Additional characteristics of waterfront properties compared to non-waterfront ones are:
• These houses have more bathrooms
• There are a higher proportion of houses in very good condition - but also in poor condition
• There are a higher proportion of high grade properties
The last plot shows that only 23 of the zipcodes had sales of waterfront properties and only six of these had more than three sales of waterfront properties.
How have House Features Changed over Time?¶
Look at the relationship between year built and bedrooms, bathrooms, grade and condition. Plot graphs using stacked barcharts showing proprotionality to see how these have changed over time. Years are grouped into decades to reduce the chart clutter.
In [24]:
p1 <- ggplot(aes(x=(trunc((yr_built)/10))*10, fill = as.factor(bedrooms)),data = houseData[bedrooms >= 1 & bedrooms < 8,]) +
geom_bar(position="fill") +
ggtitle('Bedrooms and Year Built') +
scale_fill_brewer(palette="Set3",name="bedrooms") +
xlab("Decade Built")
p2 <- ggplot(aes(x=(trunc((yr_built)/10))*10, fill = as.factor(bathrooms)),data = houseData[bathrooms >= 1 & bathrooms <= 3.5,]) +
geom_bar(position="fill") +
ggtitle('Bathrooms and Year Built') +
scale_fill_brewer(palette="Set3",name="bathrooms") +
xlab("Decade Built")
p3 <- ggplot(aes(x=(trunc((yr_built)/10))*10, fill = grade),data = houseData[grade >= 4 & grade < 13,]) +
geom_bar(position="fill") +
ggtitle('Grade and Year Built') +
scale_fill_brewer(palette="Set3",name="grade") +
xlab("Decade Built")
p4 <- ggplot(aes(x=(trunc((yr_built)/10))*10, fill = condition),data = houseData) +
geom_bar(position="fill") +
ggtitle('Condition and Year Built') +
scale_fill_brewer(palette="Set3",name="condition") +
xlab("Decade Built")
grid.arrange(p1, p2, p3, p4, ncol=2, nrow=2)

These charts show:
• Two bedroom houses were common before the 1950's but are rare more recently, with three and four bedrooms becoming more common
• Most houses built before 1960 had only one bathroom, two 1/2 bathrooms is usual for recent houses
• Older houses tend to be of lower grade
• All the houses in poor condition tend to be older - but the houses in really good condition are also older. Most newer houses are in average condition
Association between Bedrooms, House Size and Price¶
The earlier scatterplot matrices show the relationship between bedrooms and house size, and bedrooms and price is different for houses with more than four bedrooms than for those with four or fewer bedrooms. Does plotting all three of these variables together show more about these relationships?
In [25]:
ggplot(aes(x=price/1000,y=sqft_living,colour=as.factor(bedrooms)),
data = houseData[houseData$price < 2000000 & houseData$sqft_living < 5000,]) +
geom_point() +
scale_colour_brewer(name="bedrooms",palette="Set3")

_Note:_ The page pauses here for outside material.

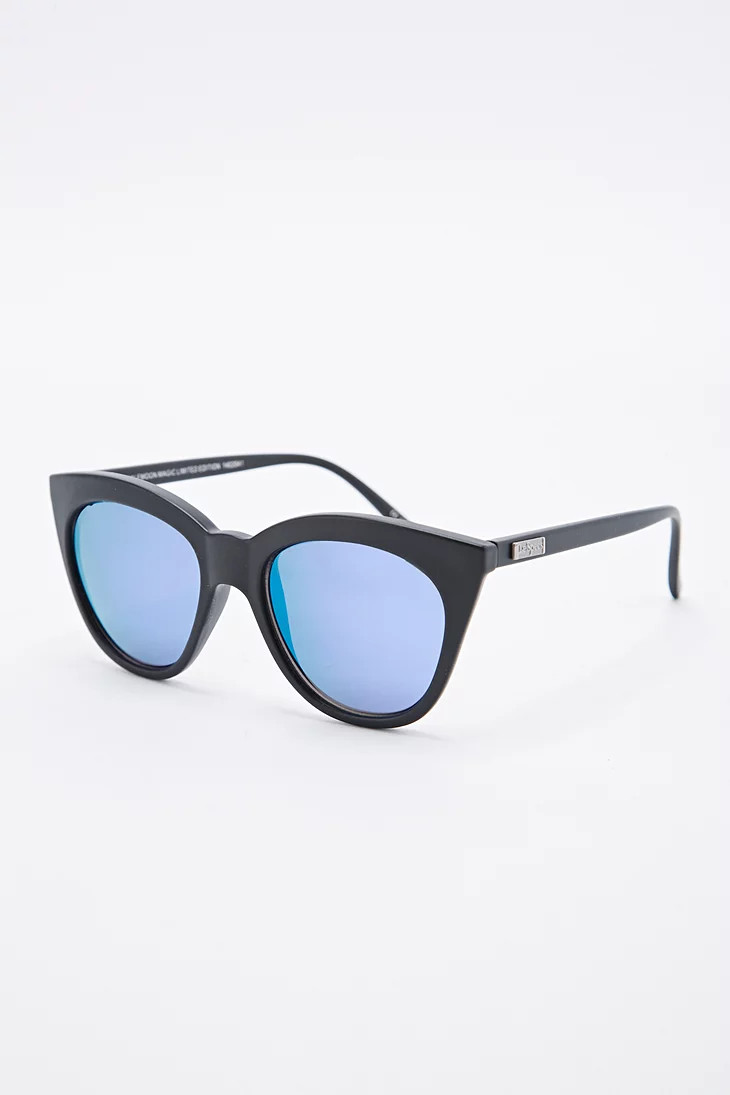 Le Specs  Halbmondförmige Sonnenbrille aus Gummi in Schwarz | Urban Outfitters AT-DE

This plot shows that the number of bedrooms, the house size and the price increase together for houses between 1 and 4 bedrooms. Houses with more than 4 bedrooms look to be both have similar prices and be of similar size to 4 bedroom houses.
Summary¶
Overview¶
The provided house sales data has 10000 records with 11 attributes for each record. The provided descriptions for each attribute and some additional notes are:
1. Id: Unique ID for each home sold
2. Price: Price of each home sold
3. Bedroom: #bedrooms
• Values range from 0-10
4. Bathrooms: #bathrooms, where .5 accounts for a bathroom with a toilet but no shower
• Values range from 0-8 and include .25 and .75, as well as .5
5. Sqft_living: Square footage of the apartments interior living space
6. Sqft_lot: Square footage of the land space
7. Waterfront: A binary variable indicating whether the property was overlooking the waterfront or not. 1’s represent a waterfront property, 0’s represent a non-waterfront property
8. Condition: An index from 1 to 5 on the condition of the apartment, 1 - lowest, 5 - highest
9. Grade: An index from 1 to 13, where 1-3 falls short of building construction and design, 7 has an average level of construction and design, and 11-13 have a high-quality level of construction and design.

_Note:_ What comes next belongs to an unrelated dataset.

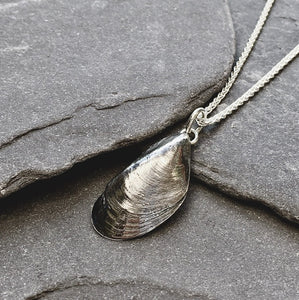 PENDANT . mussel shell . large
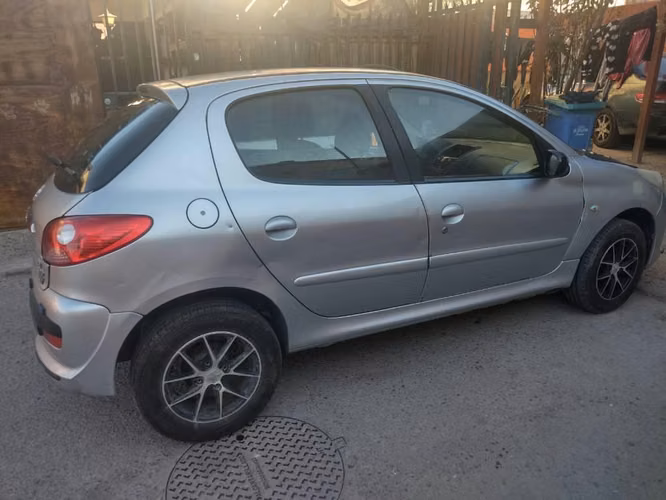 Vendo Al dia transferible Peugeot 207 2011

• Grades 1 and 2 are not present in the training data
10. Yr_built: The year the house was initially built.
• Values range from 1900 to 2015
11. Zipcode: What postcode area the house is in
Analysis of Each Variable¶
Some houses appear to have been sold more than once during the year.

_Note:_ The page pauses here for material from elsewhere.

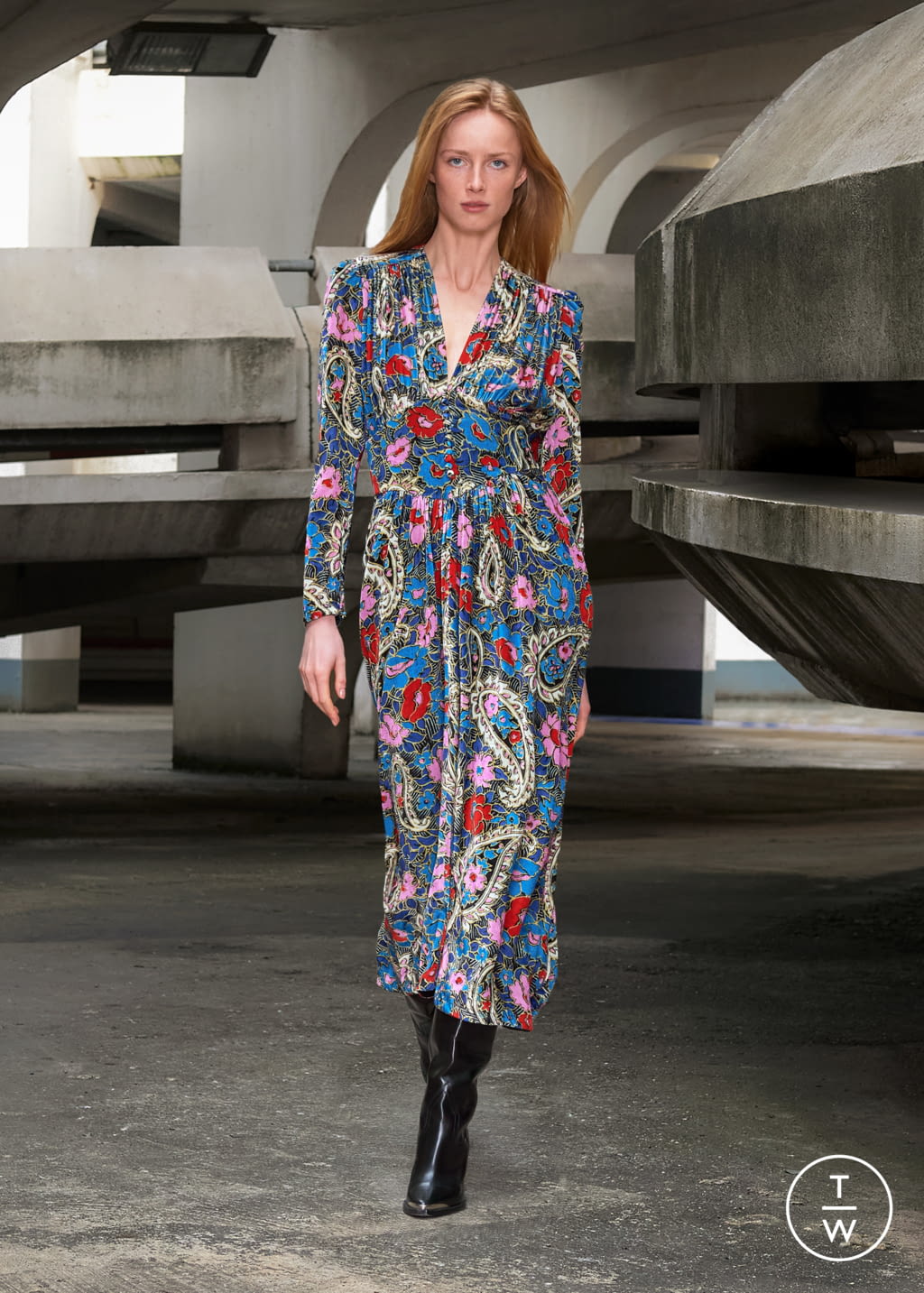 Fashion Week Paris Fall/Winter 2021 look 16 de la collection Isabel Marant womenswear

Price, sqft_living and sqft_lot have very skewed distributions. Plotting the log values of these variables shows a more normal distribution.
There were very few houses sold that were built between 1933 and 1936 - these were depression years so maybe fewer houses were built. Then there was an increase in sales for houses built during WWII and a spike during the post-war years of 1947 and 1948.
A spike in the sales of houses built between 2003 and 2008 was observed, probably indicating theat people who bought new homes then are now selling them.
Analysis of Pairs of Variables¶
As might be expected, the sale price of a house appears to be determined by a range of factors including the size of the house, the number of bedrooms and bathrooms, the grade and the year the house was built. These variables are all inter-related with larger houses have more bedrooms and bathrooms; and the size, number of bedrooms and bathrooms all contributing to the grade. Two specific observations are:
• The size and grade of the house are the most highly correlated to the price are sqft_living and grade.
• The correlation between bedrooms and the other variables decreases for houses with more than four bedrooms.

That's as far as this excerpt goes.